Il a aussi supervisé la politique du développement de l’Ouest et est aujourd’hui à la tête de 2 « groupes dirigeants » au cœur des défis de la restructuration économique et sociale : celui pour la promotion des PME et celui pour la réinsertion des migrants.

Surtout, et c’est là que les compétences et l’expérience de Ma Kai croisent directement les intérêts français, il fut de 2003 à 2005 le directeur du groupe dirigeant pour l’énergie. En dépit de longues années de coopération et de transferts de technologies qui ces dernières années furent cependant assombries par une crispation entre Areva et les autorités nucléaires chinoises, il apparaît qu’aujourd’hui les Français ne sont plus les mieux placés dans ce secteur.

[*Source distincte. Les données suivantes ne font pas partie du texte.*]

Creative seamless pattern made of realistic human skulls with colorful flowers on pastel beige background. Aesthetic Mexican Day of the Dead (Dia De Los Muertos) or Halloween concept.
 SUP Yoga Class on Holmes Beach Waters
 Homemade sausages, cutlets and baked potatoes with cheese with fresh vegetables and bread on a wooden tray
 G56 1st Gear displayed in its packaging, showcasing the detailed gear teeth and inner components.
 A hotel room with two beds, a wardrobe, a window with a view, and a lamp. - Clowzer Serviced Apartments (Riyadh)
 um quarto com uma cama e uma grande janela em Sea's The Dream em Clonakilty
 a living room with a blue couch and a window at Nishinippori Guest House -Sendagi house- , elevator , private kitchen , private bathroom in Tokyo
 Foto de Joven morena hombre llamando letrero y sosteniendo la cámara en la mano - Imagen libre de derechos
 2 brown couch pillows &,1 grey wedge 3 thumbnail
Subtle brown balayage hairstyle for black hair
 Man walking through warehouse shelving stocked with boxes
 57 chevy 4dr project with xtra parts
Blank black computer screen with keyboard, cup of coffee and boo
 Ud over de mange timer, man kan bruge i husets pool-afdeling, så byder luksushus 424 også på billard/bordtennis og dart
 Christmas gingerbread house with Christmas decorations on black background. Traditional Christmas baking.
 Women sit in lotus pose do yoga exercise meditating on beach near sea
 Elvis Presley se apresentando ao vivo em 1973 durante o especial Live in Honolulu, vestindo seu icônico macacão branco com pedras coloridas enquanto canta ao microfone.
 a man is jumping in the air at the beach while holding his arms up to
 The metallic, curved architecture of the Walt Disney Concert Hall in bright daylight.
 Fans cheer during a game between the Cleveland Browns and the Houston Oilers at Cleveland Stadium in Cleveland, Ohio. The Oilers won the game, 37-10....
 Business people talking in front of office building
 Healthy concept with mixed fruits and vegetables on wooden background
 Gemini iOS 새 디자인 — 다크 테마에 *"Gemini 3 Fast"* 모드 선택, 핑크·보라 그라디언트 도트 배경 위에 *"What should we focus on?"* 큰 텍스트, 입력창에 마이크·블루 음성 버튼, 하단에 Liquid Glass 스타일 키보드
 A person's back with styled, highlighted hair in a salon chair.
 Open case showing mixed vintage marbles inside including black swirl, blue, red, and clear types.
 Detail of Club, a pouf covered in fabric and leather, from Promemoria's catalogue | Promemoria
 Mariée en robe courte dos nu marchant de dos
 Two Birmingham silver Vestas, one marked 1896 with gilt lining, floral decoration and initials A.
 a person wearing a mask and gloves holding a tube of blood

Fin août, l’Agence de l’Énergie chinoise a en effet formellement rendu publique la certification du Hualong 1 (华龙 一号), son premier réacteur nucléaire de conception complètement nationale, débarrassé des contraintes du droit de propriété et pouvant faire concurrence sur le marché mondial aux réacteurs russes, américains, canadiens et français.

Alors que les ingénieurs chinois disent avoir déjà sinisé tous les réacteurs plus anciens qui portaient les marques technologiques françaises (parmi lesquels le CNP-600, le M310 et le CPR-1000), le surgissement dans le paysage mondial d’un réacteur nucléaire de 3e génération entièrement chinois et prêt à l’export obligera la filière nucléaire française à reconsidérer ses schémas de coopération avec la Chine.